Stone implements excavated at Changbin Township, Taidong County, in 1968. Remains of the late Old Stone Age, their appearance and manufacture are very close to those discovered in the Beijing suburb of Zhoukoudian, site of Peking Man.

Painted and black pottery excavated in the Fengbitou area in Gaoxiong County in 1980. These pieces of pottery. closely connected with the Yangshao and Longshan Culture of the Neolithic period, are vestiges of the culture represented by the geometric pottery found in the middle and lower reaches of the Huanghe River (Yellow River), in the coastal areas and in southern China.

Painted and black pottery, stone tools, woodware, bone and horn implements, fish forks, plated ware, grain and shell ornaments excavated at the Zhishanyan cultural site in the Taibei basin in 1982. Many of these comprise the same cultural elements of the Neolithic period as that in China's southeastern coastal areas.

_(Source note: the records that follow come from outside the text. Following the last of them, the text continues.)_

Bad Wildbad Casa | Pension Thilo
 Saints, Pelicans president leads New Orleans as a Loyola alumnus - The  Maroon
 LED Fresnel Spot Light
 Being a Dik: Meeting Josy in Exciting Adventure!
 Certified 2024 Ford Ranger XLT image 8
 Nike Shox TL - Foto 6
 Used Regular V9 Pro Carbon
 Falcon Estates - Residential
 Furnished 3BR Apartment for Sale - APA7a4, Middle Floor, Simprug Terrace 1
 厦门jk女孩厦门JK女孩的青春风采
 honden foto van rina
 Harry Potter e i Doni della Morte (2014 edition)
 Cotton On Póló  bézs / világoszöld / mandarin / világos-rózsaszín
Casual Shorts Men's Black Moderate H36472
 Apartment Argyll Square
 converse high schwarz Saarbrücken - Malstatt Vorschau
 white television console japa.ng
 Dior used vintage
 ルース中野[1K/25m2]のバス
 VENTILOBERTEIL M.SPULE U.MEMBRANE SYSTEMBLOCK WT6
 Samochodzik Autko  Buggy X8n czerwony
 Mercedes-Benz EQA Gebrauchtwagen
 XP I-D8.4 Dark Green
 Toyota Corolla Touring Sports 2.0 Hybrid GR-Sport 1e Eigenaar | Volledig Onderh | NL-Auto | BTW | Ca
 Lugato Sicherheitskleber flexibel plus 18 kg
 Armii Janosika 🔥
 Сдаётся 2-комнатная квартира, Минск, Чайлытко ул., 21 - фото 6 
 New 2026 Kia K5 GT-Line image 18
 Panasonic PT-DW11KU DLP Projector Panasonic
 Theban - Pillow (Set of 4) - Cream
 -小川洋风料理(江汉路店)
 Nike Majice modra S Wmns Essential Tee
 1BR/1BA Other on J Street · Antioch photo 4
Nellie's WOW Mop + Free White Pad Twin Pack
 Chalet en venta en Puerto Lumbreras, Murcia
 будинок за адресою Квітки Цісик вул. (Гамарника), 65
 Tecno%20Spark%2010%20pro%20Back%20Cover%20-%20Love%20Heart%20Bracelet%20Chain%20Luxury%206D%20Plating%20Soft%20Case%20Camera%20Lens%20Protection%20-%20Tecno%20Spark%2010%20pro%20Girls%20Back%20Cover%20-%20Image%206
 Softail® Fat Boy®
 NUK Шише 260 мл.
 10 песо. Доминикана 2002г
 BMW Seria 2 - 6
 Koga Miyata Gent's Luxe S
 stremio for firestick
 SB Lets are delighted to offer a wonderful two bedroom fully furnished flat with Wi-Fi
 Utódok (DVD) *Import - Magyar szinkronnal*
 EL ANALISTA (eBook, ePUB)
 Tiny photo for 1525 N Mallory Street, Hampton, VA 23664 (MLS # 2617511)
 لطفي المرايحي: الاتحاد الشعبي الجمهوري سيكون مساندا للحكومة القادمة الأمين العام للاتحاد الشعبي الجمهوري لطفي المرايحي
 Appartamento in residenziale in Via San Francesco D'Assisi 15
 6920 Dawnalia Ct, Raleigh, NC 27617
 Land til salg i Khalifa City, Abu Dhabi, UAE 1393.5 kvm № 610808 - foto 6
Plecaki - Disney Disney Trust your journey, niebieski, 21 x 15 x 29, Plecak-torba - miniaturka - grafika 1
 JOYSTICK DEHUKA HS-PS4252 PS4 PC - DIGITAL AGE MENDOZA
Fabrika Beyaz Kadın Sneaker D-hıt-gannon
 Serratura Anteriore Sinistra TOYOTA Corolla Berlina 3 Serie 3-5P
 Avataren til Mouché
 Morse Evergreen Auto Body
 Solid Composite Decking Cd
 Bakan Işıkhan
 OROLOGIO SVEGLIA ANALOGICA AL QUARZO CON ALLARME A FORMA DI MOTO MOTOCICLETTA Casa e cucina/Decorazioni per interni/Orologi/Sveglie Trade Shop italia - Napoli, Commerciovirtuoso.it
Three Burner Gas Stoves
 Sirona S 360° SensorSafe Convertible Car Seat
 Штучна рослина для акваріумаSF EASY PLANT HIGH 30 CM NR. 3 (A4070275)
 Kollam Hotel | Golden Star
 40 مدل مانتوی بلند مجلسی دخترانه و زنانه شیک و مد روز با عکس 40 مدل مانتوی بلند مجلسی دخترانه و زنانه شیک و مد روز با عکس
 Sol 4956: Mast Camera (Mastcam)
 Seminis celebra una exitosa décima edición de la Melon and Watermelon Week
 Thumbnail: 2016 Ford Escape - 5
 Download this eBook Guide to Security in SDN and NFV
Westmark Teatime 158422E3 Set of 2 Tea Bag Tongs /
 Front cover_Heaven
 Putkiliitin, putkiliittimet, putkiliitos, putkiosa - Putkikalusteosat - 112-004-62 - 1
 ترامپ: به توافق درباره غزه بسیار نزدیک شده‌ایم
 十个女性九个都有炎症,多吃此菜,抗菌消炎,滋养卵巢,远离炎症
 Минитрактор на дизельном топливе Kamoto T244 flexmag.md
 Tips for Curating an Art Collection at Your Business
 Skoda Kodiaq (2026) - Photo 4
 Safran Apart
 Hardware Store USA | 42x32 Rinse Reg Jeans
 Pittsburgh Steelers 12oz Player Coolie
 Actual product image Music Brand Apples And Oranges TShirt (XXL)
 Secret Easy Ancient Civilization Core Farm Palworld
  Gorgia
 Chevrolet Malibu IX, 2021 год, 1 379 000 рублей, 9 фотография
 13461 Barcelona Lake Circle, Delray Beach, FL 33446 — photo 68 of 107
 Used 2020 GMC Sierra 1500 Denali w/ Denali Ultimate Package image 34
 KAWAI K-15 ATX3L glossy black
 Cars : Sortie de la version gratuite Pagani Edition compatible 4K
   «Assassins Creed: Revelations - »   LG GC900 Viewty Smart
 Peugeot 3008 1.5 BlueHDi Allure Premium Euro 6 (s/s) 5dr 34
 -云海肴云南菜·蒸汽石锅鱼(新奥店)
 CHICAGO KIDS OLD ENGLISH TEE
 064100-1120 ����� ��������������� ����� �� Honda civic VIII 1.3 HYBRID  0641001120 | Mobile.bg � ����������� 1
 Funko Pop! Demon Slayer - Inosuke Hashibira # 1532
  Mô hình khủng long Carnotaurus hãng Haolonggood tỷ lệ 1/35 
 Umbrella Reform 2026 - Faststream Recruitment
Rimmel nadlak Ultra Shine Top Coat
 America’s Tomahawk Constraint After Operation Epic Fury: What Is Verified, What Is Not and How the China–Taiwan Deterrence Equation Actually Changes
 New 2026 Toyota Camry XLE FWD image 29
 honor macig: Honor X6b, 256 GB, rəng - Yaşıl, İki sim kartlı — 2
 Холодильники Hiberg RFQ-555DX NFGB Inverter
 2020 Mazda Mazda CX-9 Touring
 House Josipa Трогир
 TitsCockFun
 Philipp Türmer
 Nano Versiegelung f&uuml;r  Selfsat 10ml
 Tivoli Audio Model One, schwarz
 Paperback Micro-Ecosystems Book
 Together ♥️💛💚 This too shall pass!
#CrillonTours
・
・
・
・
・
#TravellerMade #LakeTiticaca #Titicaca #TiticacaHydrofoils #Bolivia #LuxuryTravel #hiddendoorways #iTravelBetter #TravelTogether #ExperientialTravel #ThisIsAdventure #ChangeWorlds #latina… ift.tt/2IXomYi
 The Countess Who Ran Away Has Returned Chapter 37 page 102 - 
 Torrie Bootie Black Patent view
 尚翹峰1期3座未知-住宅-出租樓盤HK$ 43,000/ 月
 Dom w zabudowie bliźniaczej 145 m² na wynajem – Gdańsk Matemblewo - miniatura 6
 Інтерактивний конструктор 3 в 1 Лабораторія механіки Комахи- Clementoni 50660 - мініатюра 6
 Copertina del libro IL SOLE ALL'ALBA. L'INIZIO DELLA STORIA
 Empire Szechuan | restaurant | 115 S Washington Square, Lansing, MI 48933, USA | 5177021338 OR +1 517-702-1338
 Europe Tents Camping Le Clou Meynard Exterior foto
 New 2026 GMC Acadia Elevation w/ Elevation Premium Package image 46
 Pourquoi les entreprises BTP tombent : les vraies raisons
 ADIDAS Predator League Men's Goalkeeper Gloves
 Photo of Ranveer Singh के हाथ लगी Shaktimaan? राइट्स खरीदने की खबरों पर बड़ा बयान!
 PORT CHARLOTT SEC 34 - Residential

"Beizhong" tomb uncovered at Penghu's Magong in 1983. Here. four well-preserved skeletons and a great deal of rope-mark pottery, including containers, ornaments and plummets for fishing nets were found. They have been dated to the Shang Dynasty (1711 B.C.-1066 B.C.). Archaeologists believe they are relics taken from the mainland first to Penghu, then to Taiwan, as the same kind of rope-mark red pottery has also been found in central China and at the mouth of the Minjiang River in Fujian Province. Taiwan historians agree that Taiwan culture has its roots on the mainland, that Taiwan is a branch of the mainland tree, and that nothing can separated them.